His objective was to reach the highest point in his profession and he decided in 1977, with the help of a Cromwell Scholarship, to further his studies at the University College of London where he completed his Doctor in Philosophy, focusing on history.
Professor Bryan has been the recipient of two Fulbright fellowships, which allowed him to hone his teaching and writing skills. As a result, he taught for a semester at the University of New Mexico, and was given an opportunity to complete his book, “The Jamaican People, 1884-1902: Race, Class and Social Control”, while he was atJohn Hopkins University in Baltimore, Maryland in the USA.
Although his family includes a number of teachers, Professor Bryan says it was not his dream to enter into that profession.
“It is something that just happened,” he explains.
The passionate educator began his teaching career at Meadowbrook High School in Kingston, where he worked two terms. He also gained teaching experience at Clarendon College, and Manchester High School where he taught for two years.
He describes his over 40 years lecturing at the UWI as a “positive experience”. He has been lecturing at the UWI since 1969, focusing on history related courses. He adds that he has always been interested in history, and taught Latin American history at the UWI the same year he started lecturing there.

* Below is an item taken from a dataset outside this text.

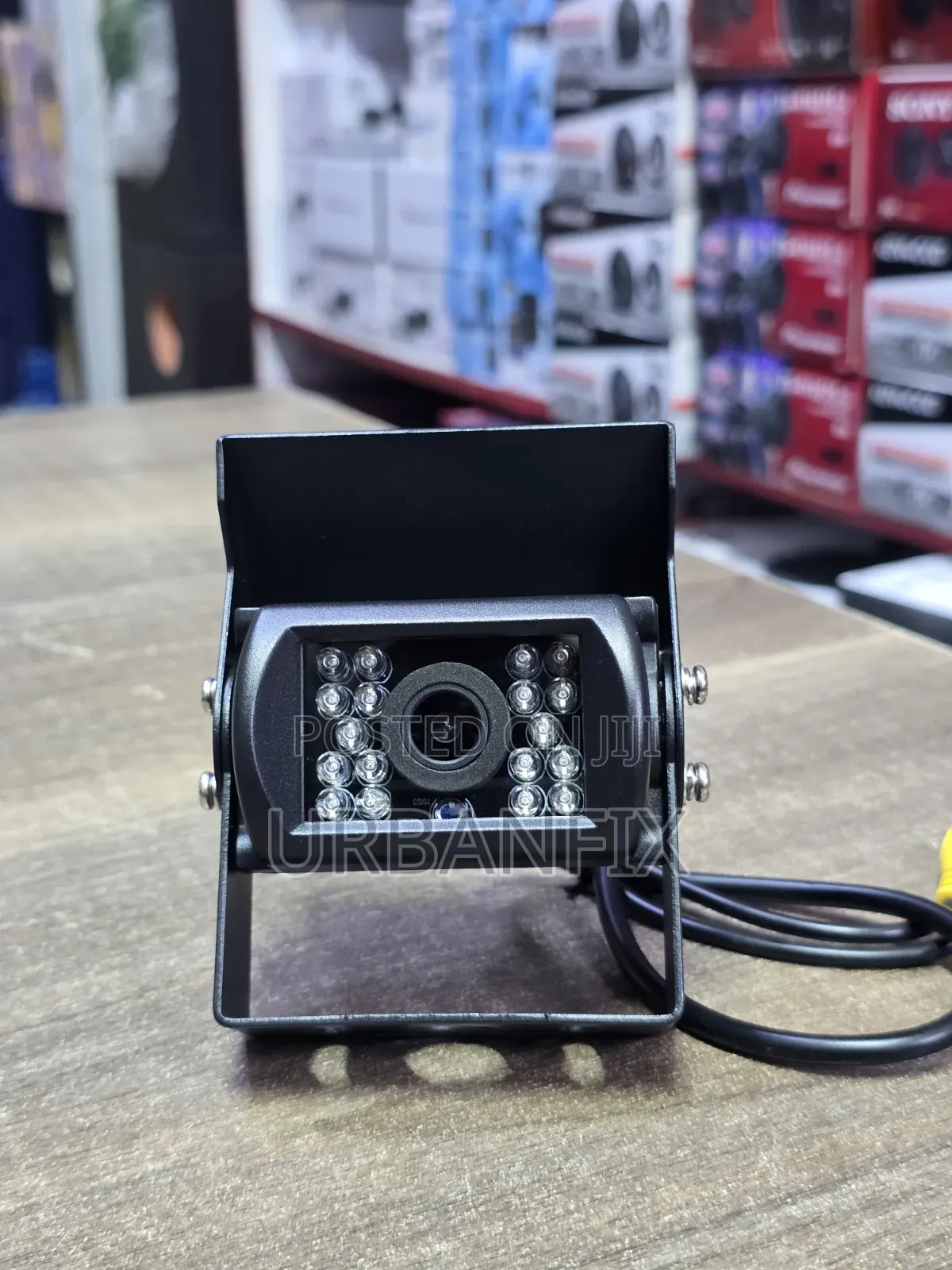 High Definition Quality Car Backup/Reverse Camera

He was Moderator of the Caribbean Studies Programme, 1978-1981, at the UWI, which allowed students to develop keen research skills and garner information to build on their knowledge of Caribbean societies.
He was the Deputy Dean of the Faculty of Arts and General Sciences, between 1980-1981 and 2003-2006, after which he was named to the Douglas Hall Professor of History Chair, a honorary position.
Professor Bryan has been on many organisational boards promoting the preservation of Jamaica’s heritage and history. He was Board member, for approximately 19 years, at the Jamaica National Heritage Trust (JNHT). He also served as a member of the Board of the Institute of Jamaica, as well as a member of the Historical Society of Jamaica and the Seville Project Committee.
Professor Bryan also enjoys writing, and has written many publications, all inspired by his passion for research and the spread of knowledge on historical events.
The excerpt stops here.